* [Given data]:
────────────────────────────────────────

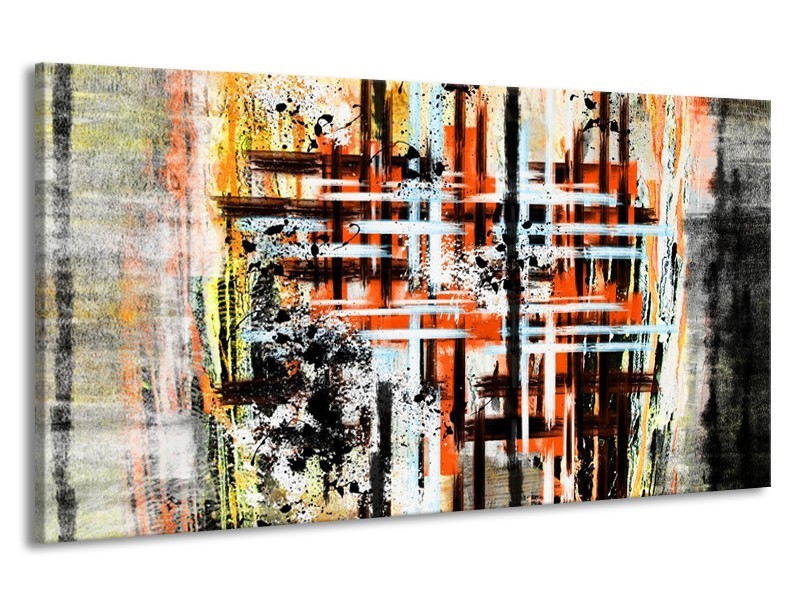 Canvas schilderij Art | Oranje, Zwart | 190x100cm 1Luik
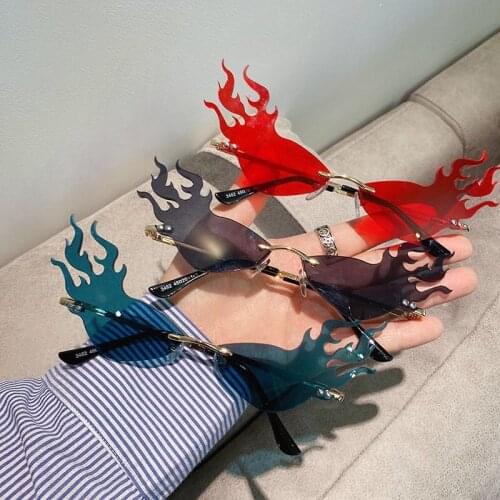 Woman Glasses Rimless Flame Sunglasses American Style Fashion 2020 Trend Vintage Lenses Red Luxury Designer Decorations for Girl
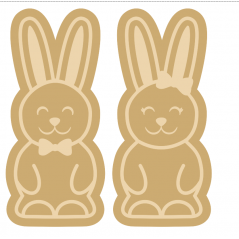 4mm Oak Veneer Layered Bunny Boy and Girl + 3mm mdf top layer Easter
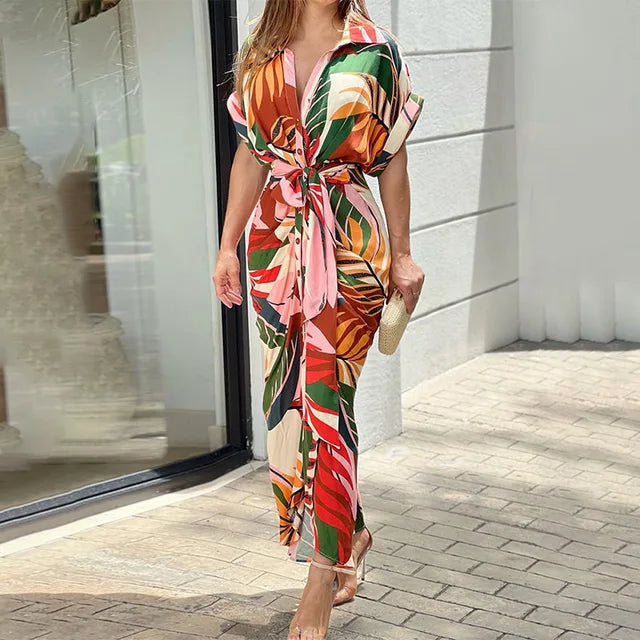 Robe longue boutonnée fluide | Confort & style estival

────────────────────────────────────────

* [Task goal]: Only the pictures may be dropped when you copy the data above; everything else stays exact.

* [Exercise answer]:
 Canvas schilderij Art | Oranje, Zwart | 190x100cm 1Luik
 Woman Glasses Rimless Flame Sunglasses American Style Fashion 2020 Trend Vintage Lenses Red Luxury Designer Decorations for Girl
 4mm Oak Veneer Layered Bunny Boy and Girl + 3mm mdf top layer Easter
 Robe longue boutonnée fluide | Confort & style estival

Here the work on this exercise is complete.